> [WHAT YOU ARE ASKED TO DO] Lines in the data below that contain the word "with" are to be copied.

> [COLLECTED DATA]
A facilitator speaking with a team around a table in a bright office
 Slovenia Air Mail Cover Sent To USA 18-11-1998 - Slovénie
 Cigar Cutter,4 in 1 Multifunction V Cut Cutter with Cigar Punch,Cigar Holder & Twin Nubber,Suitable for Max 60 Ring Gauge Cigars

> [OUTPUT BELOW]
A facilitator speaking with a team around a table in a bright office
 Cigar Cutter,4 in 1 Multifunction V Cut Cutter with Cigar Punch,Cigar Holder & Twin Nubber,Suitable for Max 60 Ring Gauge Cigars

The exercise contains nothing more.